深夜里的我变一条大鱼,在深海蓝做噩梦的孤独的鲸。
我在夜里醒来,因为噩梦的缘故。梦见家里边去世了好多人,梦见妹妹不安的哭泣。在凌晨安静的黑夜里孤独的惊醒。这已经不是第一次,也一定不是最后一次吧。
此刻我是一条独自在大海里生活的鲸鱼,我有一肚子的悲伤和寂寞,也有一肚子的恐惧和慌张。可我发出的频道信号是和其他鲸不同的,没人听懂我的内心。其实,可能每个人,都是一条在海里孤独的鲸。就像几米漫画里那些占据一整页纸的大鱼,带着不同情绪,但是一样孤独。

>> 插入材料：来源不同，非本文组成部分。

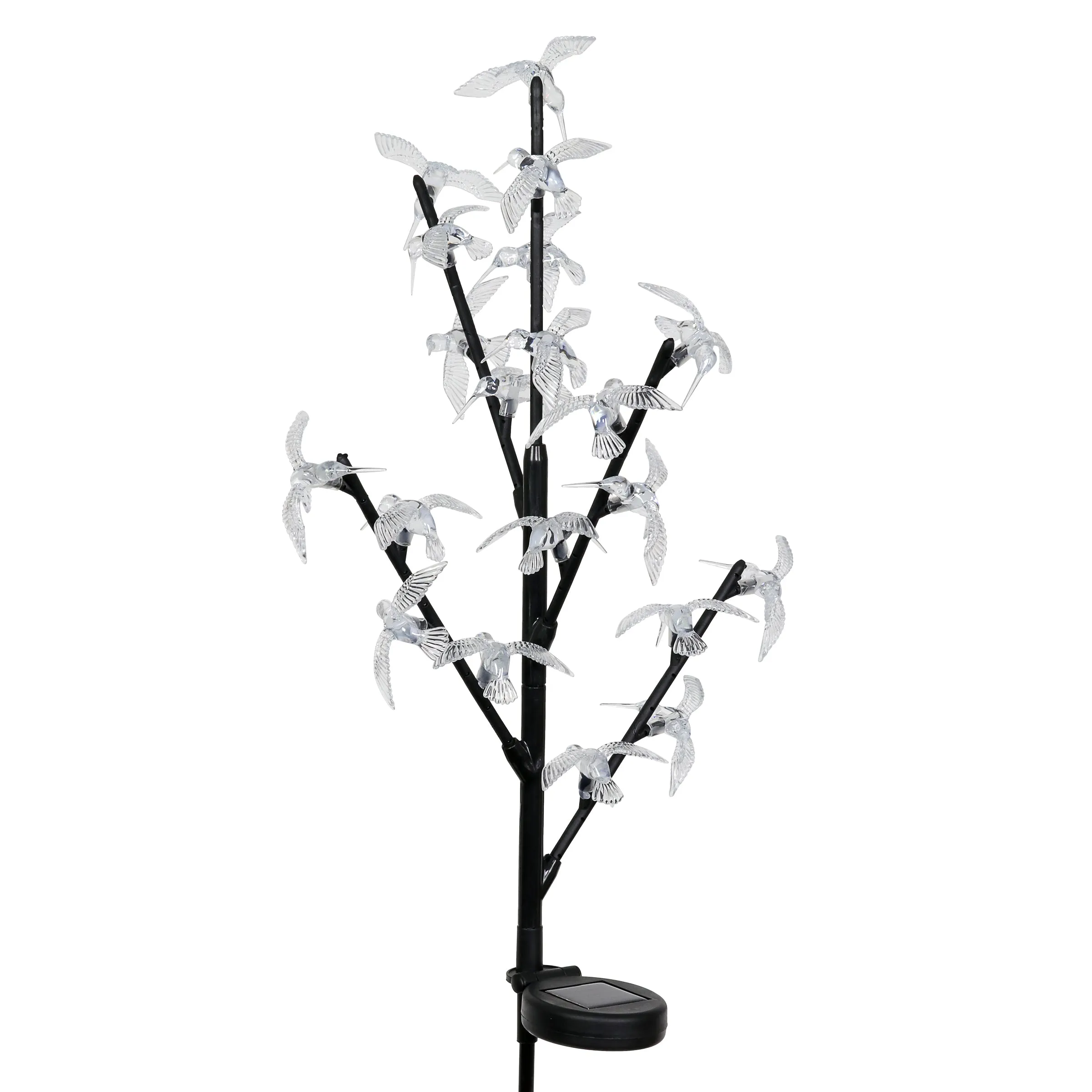 Solar Bird Branch Garden Stake with Twenty LED Lights, 13 by 38 Inches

我总是想让自己的灵魂世界如同宫崎骏的动漫场景一样,但是生活里真正残酷的故事让我不得不放弃这种做法。放弃的原因,大多数因为无奈。如同不会游泳却生生在水里出不来,满眼满鼻子满耳朵满脑子都是水。无奈的原因是什么呢?生活永远不按照期盼的样子继续,它甚至在我睡眠里的幻境下了毒药。
小时候以为所有的难题都有解法,所有的困境都有人来帮助解脱。现在,早就在心里接受一定有些事必须自己解决,解决的方法之一就是顺其自然,在这里我要接受我所不能改变的事实。接受,变成了一个看起来潇洒看起来有深深释怀的名词。你说它是借口也可以,它身上带着不能剥离的逃避的气息。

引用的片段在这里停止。